Dynamic Gesture Recognition in Ultra-Range Distance for Effective Human-Robot Interaction
Eran Bamani Beeri, Eden Nissinman, Avishai Sintov
TL;DR
The paper tackles ultra-range gesture recognition for Human-Robot Interaction by extending gesture understanding to distances up to $[4,28]$ meters. It introduces the Temporal-Spatiotemporal Fusion Network (TSFN), which combines Temporal Convolutional Networks (TCN) and $R(2+1)D$ convolutions to capture temporal and spatiotemporal cues in video data. A distance-aware composite loss $\mathcal{L} = \mathcal{L}_{CE} + \alpha \mathcal{L}_{global} + \beta \mathcal{L}_{dist} + \gamma \mathcal{L}_{robust}$, with $\mathcal{L}_{dist} = \frac{1}{N} \sum d_i \cdot \mathcal{L}_{CE}(v_i, y_i)$, penalizes errors more at longer distances and promotes robustness. Empirical results on a six-gesture dataset show TSFN achieving up to 96.1% accuracy and outperformance over ViViT, TCN, R(2+1)D, and CNN-based baselines, indicating strong potential for real-time HRI in service robots, drones, and search-and-rescue contexts.
Abstract
This paper presents a novel approach for ultra-range gesture recognition, addressing Human-Robot Interaction (HRI) challenges over extended distances.
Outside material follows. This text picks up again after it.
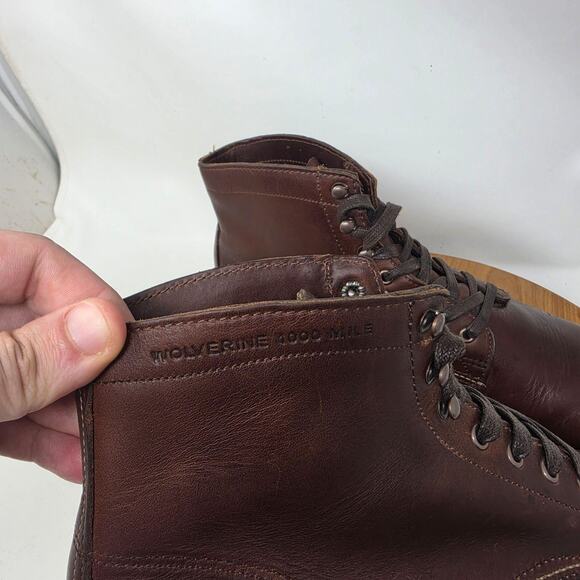 Wolverine 1000 Mile Boots Mens 11.5 Brown Horween Leather Lace Up Made USA Work main image 12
By leveraging human gestures in video data, we propose the Temporal-Spatiotemporal Fusion Network (TSFN) model that surpasses the limitations of current methods, enabling robots to understand gestures from long distances. With applications in service robots, search and rescue operations, and drone-based interactions, our approach enhances HRI in expansive environments. Experimental validation demonstrates significant advancements in gesture recognition accuracy, particularly in prolonged gesture sequences.